Bulletin from the Annual General Meeting of Framfab AB (publ)


STOCKHOLM, Sweden, March 25, 2004 (PRIMEZONE) -- Framfab's annual general meeting and the subsequent statutory board meeting of March 25, 2004 made the following decisions:

- The income statement and balance sheet, as well as the consolidated income statement and consolidated balance sheet, were adopted in accordance with the annual report and auditor's report that had been submitted for the 2003 financial year.

- Retained losses of 131,859,162.78 kronor according to the balance sheet are to be appropriated such that 92,554.416.18 kronor is covered by reduction of the premium reserve and 39,304,746.60 kronor is carried over to the 2004 accounts.

- The members of the board and the CEO were discharged from liability with respect to the financial year.

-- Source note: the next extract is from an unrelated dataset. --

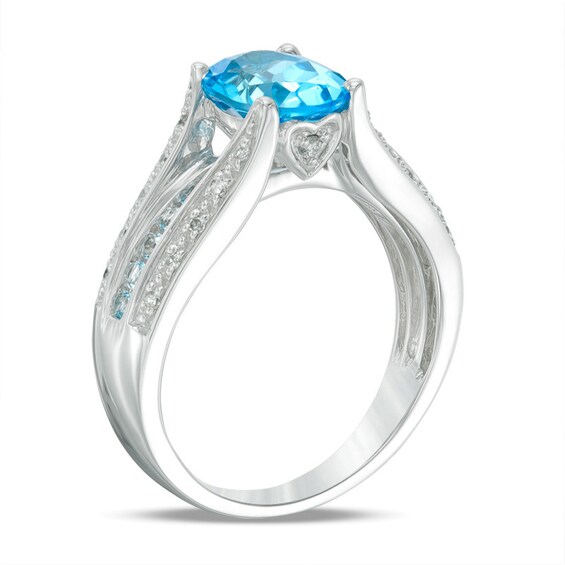 Previously Owned - Oval Swiss Blue Topaz and 1/10 CT. T.w. Diamond Triple Row Cathedral Ring in 10K White Gold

- Remuneration for the board will total 600,000 kronor, to be allocated as determined by the board. Remuneration to the auditors is to be paid on current account.

- Robert Gogel, Kaj Green, Ty D. Mattingly and Sven Skarendahl were reappointed as board members.

- The chairman of the board was authorized to contact a number of shareholders in the company to appoint at least three representatives, who together will form a nominating committee.

- The articles of association were amended to reduce the par value of the share from 0.10 to 0.05 kronor.

- A reduction in share capital by 39,304,746.60 to 39,304,746.60 kronor for provisions to immediately cover losses in accordance with the balance sheet that had been adopted.

- In order to pay or finance the additional purchase sum to SBI Scient Inc. for the acquisition of SBI Framfab Ltd., the board was authorized to carry out one or more cash and/or in-kind, settlement or other issues totaling a maximum of 35,000,000 million new shares until September 30, 2004, departing from the right of priority of shareholders. If fully exercised, the authorization would dilute total capital and votes by approximately 4.3%.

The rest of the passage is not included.